■ WHAT NEEDS TO BE DONE
Begin with the line containing "aviator, Lincoln, navigator" and end with the last line of the data below; return those lines exactly, and only those.
*** Opening of THE RECORDS ***
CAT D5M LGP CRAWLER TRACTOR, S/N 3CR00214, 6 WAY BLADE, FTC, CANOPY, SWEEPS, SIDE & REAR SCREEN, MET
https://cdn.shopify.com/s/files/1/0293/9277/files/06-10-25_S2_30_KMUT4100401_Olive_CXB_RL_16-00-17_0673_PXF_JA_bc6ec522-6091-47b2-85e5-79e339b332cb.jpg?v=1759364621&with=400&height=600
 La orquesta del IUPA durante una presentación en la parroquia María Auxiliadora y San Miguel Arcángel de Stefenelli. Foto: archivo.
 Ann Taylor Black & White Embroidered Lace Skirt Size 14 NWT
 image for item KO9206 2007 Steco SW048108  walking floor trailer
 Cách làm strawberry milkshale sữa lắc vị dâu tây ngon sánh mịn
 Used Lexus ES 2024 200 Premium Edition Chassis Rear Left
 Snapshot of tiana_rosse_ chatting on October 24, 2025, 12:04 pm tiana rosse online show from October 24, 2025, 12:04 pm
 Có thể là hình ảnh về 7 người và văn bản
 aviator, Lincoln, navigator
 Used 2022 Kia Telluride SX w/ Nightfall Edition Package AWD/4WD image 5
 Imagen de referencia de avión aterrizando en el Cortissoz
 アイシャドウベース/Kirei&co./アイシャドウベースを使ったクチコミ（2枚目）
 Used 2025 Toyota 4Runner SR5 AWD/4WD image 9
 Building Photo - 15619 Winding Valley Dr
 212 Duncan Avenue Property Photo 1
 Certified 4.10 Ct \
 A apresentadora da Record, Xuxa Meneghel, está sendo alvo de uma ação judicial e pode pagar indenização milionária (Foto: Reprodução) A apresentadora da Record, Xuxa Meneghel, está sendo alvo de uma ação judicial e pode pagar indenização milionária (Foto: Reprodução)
*** Close of THE RECORDS ***
■ ANSWER FOR THIS EXERCISE
 aviator, Lincoln, navigator
 Used 2022 Kia Telluride SX w/ Nightfall Edition Package AWD/4WD image 5
 Imagen de referencia de avión aterrizando en el Cortissoz
 アイシャドウベース/Kirei&co./アイシャドウベースを使ったクチコミ（2枚目）
 Used 2025 Toyota 4Runner SR5 AWD/4WD image 9
 Building Photo - 15619 Winding Valley Dr
 212 Duncan Avenue Property Photo 1
 Certified 4.10 Ct \
 A apresentadora da Record, Xuxa Meneghel, está sendo alvo de uma ação judicial e pode pagar indenização milionária (Foto: Reprodução) A apresentadora da Record, Xuxa Meneghel, está sendo alvo de uma ação judicial e pode pagar indenização milionária (Foto: Reprodução)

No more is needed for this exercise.